For press enquiries contact the Equality and Human Rights Commission : Deborah Cowan on 0141 228 5938, Colin Macfarlane on 07970 541 369. If you would like to speak directly to Tim Hopkins, please call his mobile : 07747 108 967.
Notes to editors:
- As the law stands, section 5(4)(e) of the Marriage (Scotland) Act 1977 explicitly prohibits marriage from taking place between a same-sex couple, restricting it to mixed-sex partnerships only. In the same way, section 86(1)(a) of the Civil Partnership Act 2004 specifically excludes mixed-sex couples by restricting civil partnerships to same-sex partners only.

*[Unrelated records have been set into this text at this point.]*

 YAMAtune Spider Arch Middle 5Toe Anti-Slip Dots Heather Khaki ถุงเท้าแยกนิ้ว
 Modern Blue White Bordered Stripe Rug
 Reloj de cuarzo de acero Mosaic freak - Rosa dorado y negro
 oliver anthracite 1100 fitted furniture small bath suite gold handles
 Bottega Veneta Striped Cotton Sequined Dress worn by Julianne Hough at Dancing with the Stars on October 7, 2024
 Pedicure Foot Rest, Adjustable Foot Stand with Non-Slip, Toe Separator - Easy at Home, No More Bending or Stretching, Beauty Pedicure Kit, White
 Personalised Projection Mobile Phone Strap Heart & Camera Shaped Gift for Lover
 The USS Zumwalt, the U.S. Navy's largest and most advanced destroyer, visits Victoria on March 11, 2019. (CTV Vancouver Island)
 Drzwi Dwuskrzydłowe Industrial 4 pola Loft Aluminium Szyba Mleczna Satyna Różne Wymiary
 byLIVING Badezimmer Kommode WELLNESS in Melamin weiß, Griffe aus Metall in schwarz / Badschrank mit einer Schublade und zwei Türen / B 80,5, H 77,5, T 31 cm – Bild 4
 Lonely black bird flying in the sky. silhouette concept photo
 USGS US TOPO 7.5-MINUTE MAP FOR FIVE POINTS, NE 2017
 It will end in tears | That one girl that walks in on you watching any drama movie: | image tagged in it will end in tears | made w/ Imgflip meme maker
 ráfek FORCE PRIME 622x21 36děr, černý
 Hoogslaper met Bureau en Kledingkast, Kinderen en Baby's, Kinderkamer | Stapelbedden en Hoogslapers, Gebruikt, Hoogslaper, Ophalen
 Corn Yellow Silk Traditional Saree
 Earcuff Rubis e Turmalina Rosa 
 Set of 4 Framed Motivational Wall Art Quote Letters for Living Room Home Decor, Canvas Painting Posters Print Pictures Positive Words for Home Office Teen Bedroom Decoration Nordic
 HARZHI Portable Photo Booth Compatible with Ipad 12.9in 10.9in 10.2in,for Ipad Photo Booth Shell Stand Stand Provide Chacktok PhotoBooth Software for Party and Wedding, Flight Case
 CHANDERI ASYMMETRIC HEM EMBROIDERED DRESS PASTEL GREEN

- Poll figures and statistics taken from The Scottish and British Social Attitudes Surveys
- The Equal Marriage Symposium was hosted by the Equality and Human Rights Commission in partnership with The Equality Network and LGBT Youth Scotland. The report was written by Cambium Advocacy.
The Equality and Human Rights Commission is a statutory body established under the Equality Act 2006, which took over the responsibilities of Commission for Racial Equality, Disability Rights Commission and Equal Opportunities Commission. It is the independent advocate for equality and human rights in Britain. It aims to reduce inequality, eliminate discrimination, strengthen good relations between people, and promote and protect human rights. The Commission enforces equality legislation on age, disability, gender reassignment, marriage and civil partnership, pregnancy and maternity, race, religion or belief, sex, sexual orientation, and encourages compliance with the Human Rights Act. It also gives advice and guidance to businesses, the voluntary and public sectors, and to individuals.
The Equality Network is a national organisation in Scotland working for lesbian, gay, bisexual and transgender (LGBT) equality. The Equality Network’s work includes campaigning, community development, information provision, policy advice, training, research, Scottish Transgender Alliance policy and community support projects, and intersectional equality issues including for minority ethnic LGBT people.
LGBT Youth Scotland was established in Edinburgh in 1989 and is now a national youth organisation committed to championing the inclusion of lesbian, gay, bisexual and transgender young people in the life of Scotland. LGBT Youth Scotland work to improve the health and wellbeing of LGBT youth and LGBT communities in Scotland.